» **RAW DATA**:

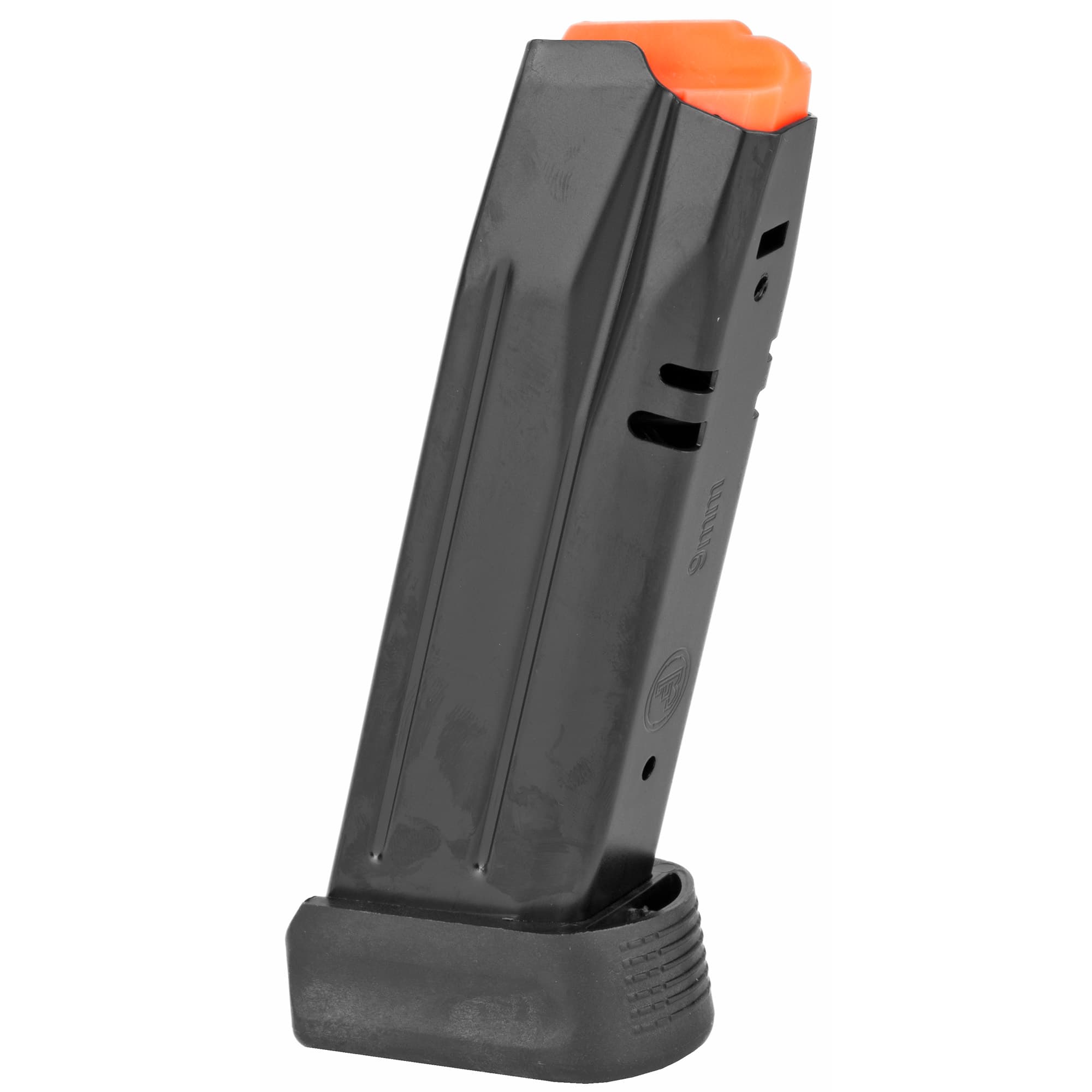 CZ P-10C Magazine 17rd 9mm Luger Compatible with CZ P-10C P-07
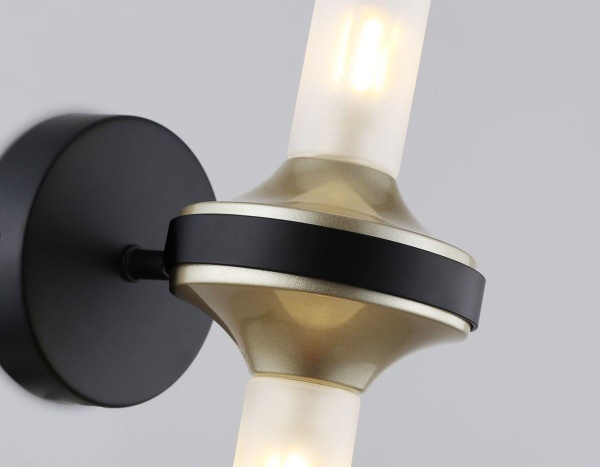 Бра Ambrella Light High Light Modern LH55355 Бра Ambrella Light High Light Modern LH55355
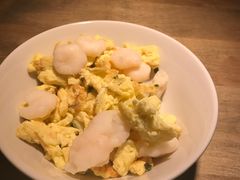 -弄堂里(阿里西溪A区店)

» **DIRECTIONS**: Please reproduce the data above word for word, skipping all images.

» **YOUR SOLUTION**:
 CZ P-10C Magazine 17rd 9mm Luger Compatible with CZ P-10C P-07
 Бра Ambrella Light High Light Modern LH55355 Бра Ambrella Light High Light Modern LH55355
 -弄堂里(阿里西溪A区店)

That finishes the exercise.